Would you output the lines from the one with "Bowknot Pave Pendant" through the last line of the material below, exactly, but without pictures?

»»

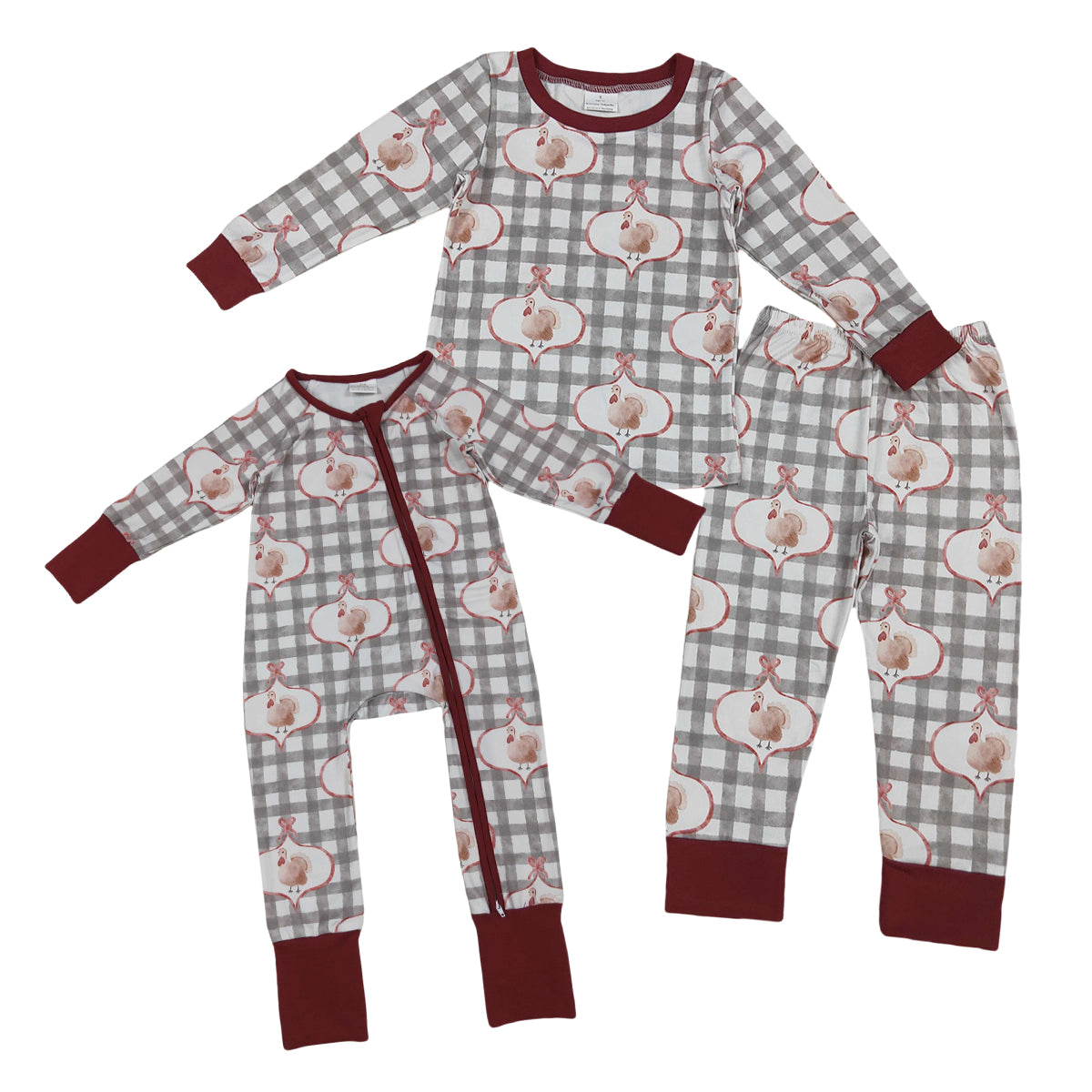 Sibling Baby Girls Turkey Grey Gingham Long Sleeve Pajama Set/Romper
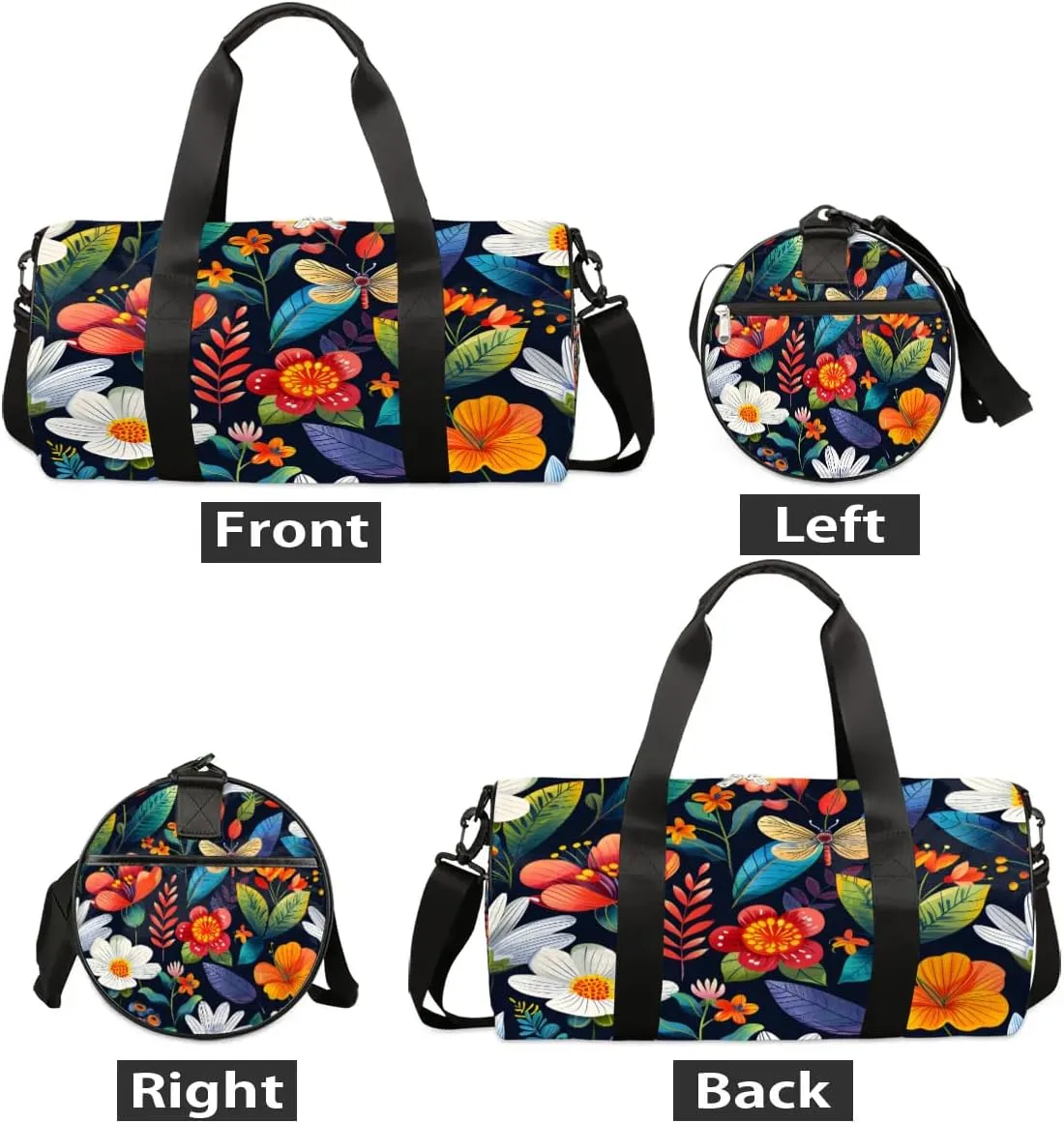 Colorful Flowers Dragonfly Travel Duffle Bag Gym Bag for Women Men Lightweight Carry on Duffel Bag for Sports Gyms Weekend Getaway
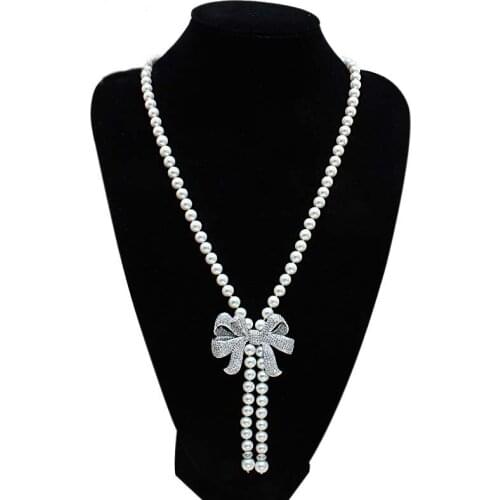 25" White Pearl Necklace CZ Bowknot Pave Pendant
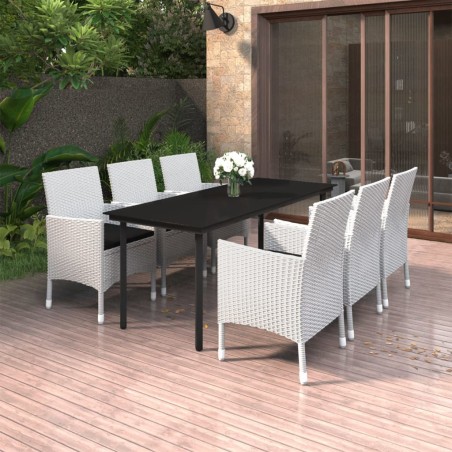 vidaXL 7-tlg. Garten-Essgruppe mit Auflagen Poly Rattan und Glas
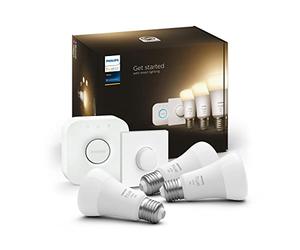 Philips Hue Kit de démarrage White : 3 Ampoules LED Intelligentes et connectées E27, Pont de Connexion, Bouton Smart Hue, Compatible Bluetooth, Alexa, Google Assistant, Apple HomeKit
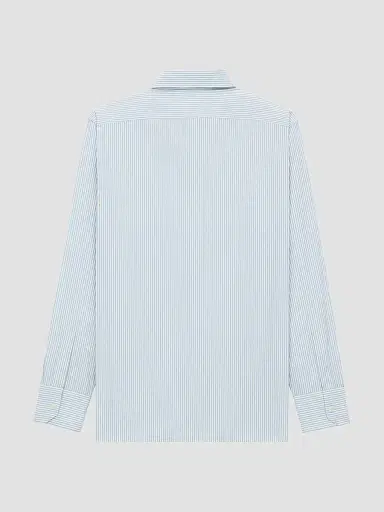 Saint Laurent Women's Cassandre Shirt in Striped Cotton Poplin - Blue | Thumbnail 2 Saint Laurent Women's Cassandre Shirt in Striped Cotton Poplin - Blue | Thumbnail 2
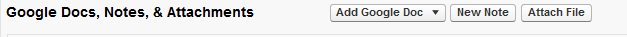 Screenshot: Google Docs, Notes, & Attachments Related list showing an Add Google Doc button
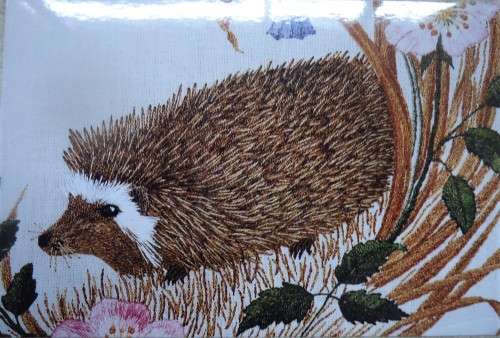 UNUSED EMBROIDERY KIT - HEDGEHOG AND HAREBELLS - Fabric Size 42 cm x 56 cm by JUST HEIRLOOMS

««

### EXERCISE OUTPUT
 25" White Pearl Necklace CZ Bowknot Pave Pendant
 vidaXL 7-tlg. Garten-Essgruppe mit Auflagen Poly Rattan und Glas
 Philips Hue Kit de démarrage White : 3 Ampoules LED Intelligentes et connectées E27, Pont de Connexion, Bouton Smart Hue, Compatible Bluetooth, Alexa, Google Assistant, Apple HomeKit
 Saint Laurent Women's Cassandre Shirt in Striped Cotton Poplin - Blue | Thumbnail 2 Saint Laurent Women's Cassandre Shirt in Striped Cotton Poplin - Blue | Thumbnail 2
 Screenshot: Google Docs, Notes, & Attachments Related list showing an Add Google Doc button
 UNUSED EMBROIDERY KIT - HEDGEHOG AND HAREBELLS - Fabric Size 42 cm x 56 cm by JUST HEIRLOOMS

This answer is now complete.